Take on board the achievements of technical progress. With the help of a smartphone, mobile Internet, free messengers, you can correspond and call each other at the farthest distances and at any time of the day. And video calls and skype will create the illusion of presence and make you closer to each other.
However, do not turn close communication with your partner into total control over him. The requirement to stay in touch 24/7 will tire the most loyal companion, and the relationship will openly weigh him down. “The temptation to control every step of your man arises most often precisely when he is far from you, – says Olga Turometseva, family psychologist. – The reason is banal jealousy and distrust. You doubt your partner and convince yourself that he is capable of cheating, especially now – when you are not around. But instead of requiring your loved one to report every two hours where he is and with whom, it is better to think about where such feelings come from, whether there really is reason not to trust. You are probably just winding yourself up. Do not make a scandal if your partner does not immediately answer the message or is late with the call – this is not yet convincing evidence of treason. Most likely, he was really busy and could not pay attention to you. ” We have already written about why we are jealous and how to cope with this destructive feeling. Let’s just add that separation is a great reason to remember that in addition to relationships, you have other things to do. So take care of them. “Change your lifestyle and mindset,” says Evgeny Ilyin, psychologist, author of the book “The Psychology of Love”. – You’ve probably noticed: when there is nothing to do, all sorts of bad thoughts come into your head. So come up with something to your liking. ” Otherwise, you will indeed have reason to be jealous.
Do something together
Modern means of communication give a unique chance to live one life, constantly feeling the closeness of a partner, while being anywhere – even at different ends of the planet. You just need to turn on Skype or use any other method of video communication on your electronic device. Even being thousands of kilometers apart, you can easily (although not in a pandemic, of course). organize joint shopping, a trip to a museum, to an exhibition. Go jogging, fitness or yoga together; walk the streets of the city, showing each other the sights; watch on the Internet and discuss a movie, listen to music. How about a festive virtual dinner or an online party? This way of communicating at a distance brings people closer. In addition, you and your partner have many additional topics for conversation.

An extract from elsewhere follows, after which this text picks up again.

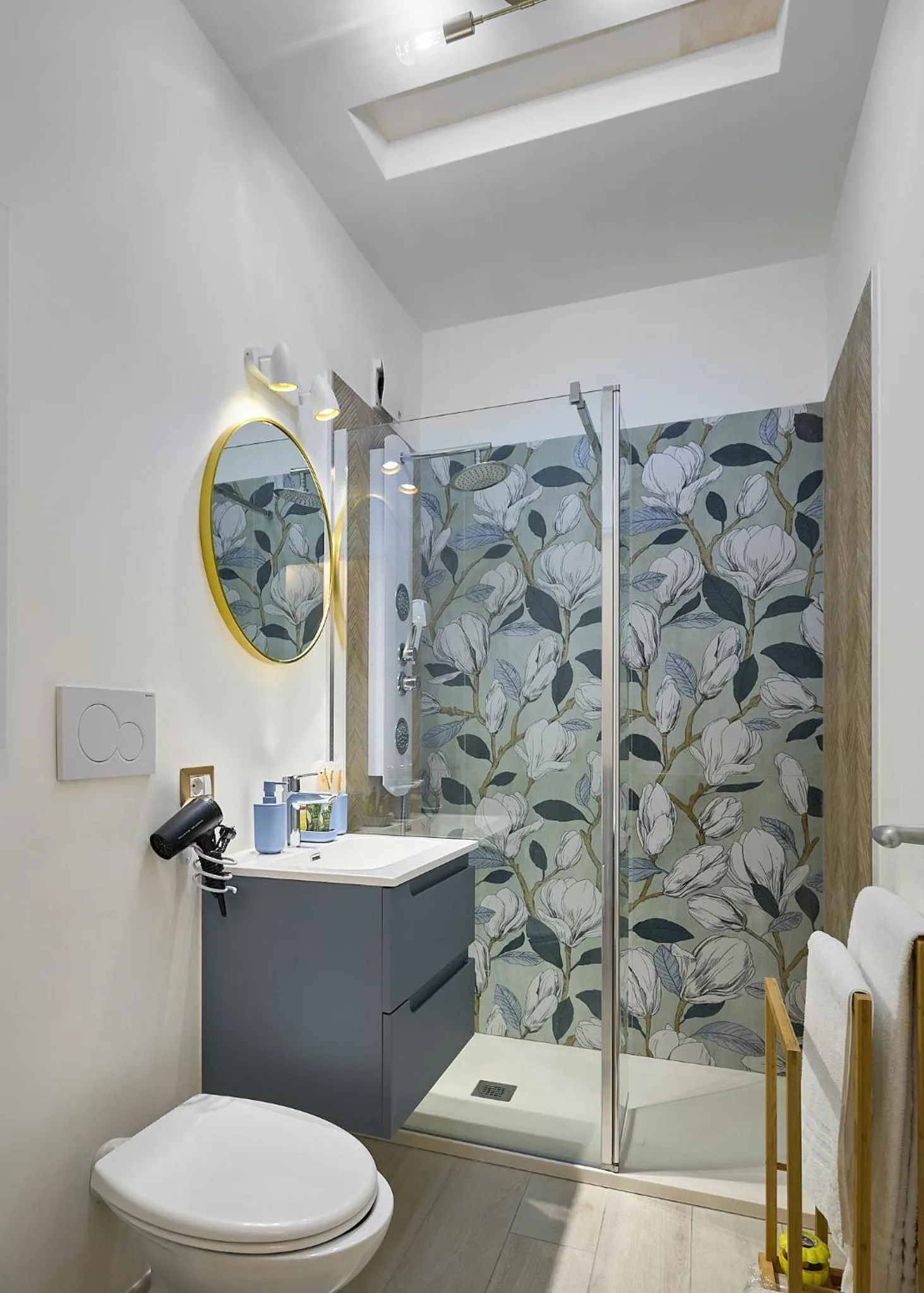 Shower in Merulana Suite Apartment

It’s great if you and your partner share common interests, hobbies, and professional activities. This means that even distance will not make your communication less interesting and meaningful. Personal relationships are only beneficial. “Joint activities, common interests bring them closer together, make it possible to better understand the nature of the partner,” says Olga Turometseva. – Like-minded people find it easier to find a common language with each other. They always have topics for discussion and discussion. ” An excellent way to maintain a relationship on a “remote” can be joint creativity, for example, design, drawing or cooking, which is not of fundamental importance. Choose the option that will interest both of you. You can improve yourself by attending online classes together or by watching training videos on YouTube.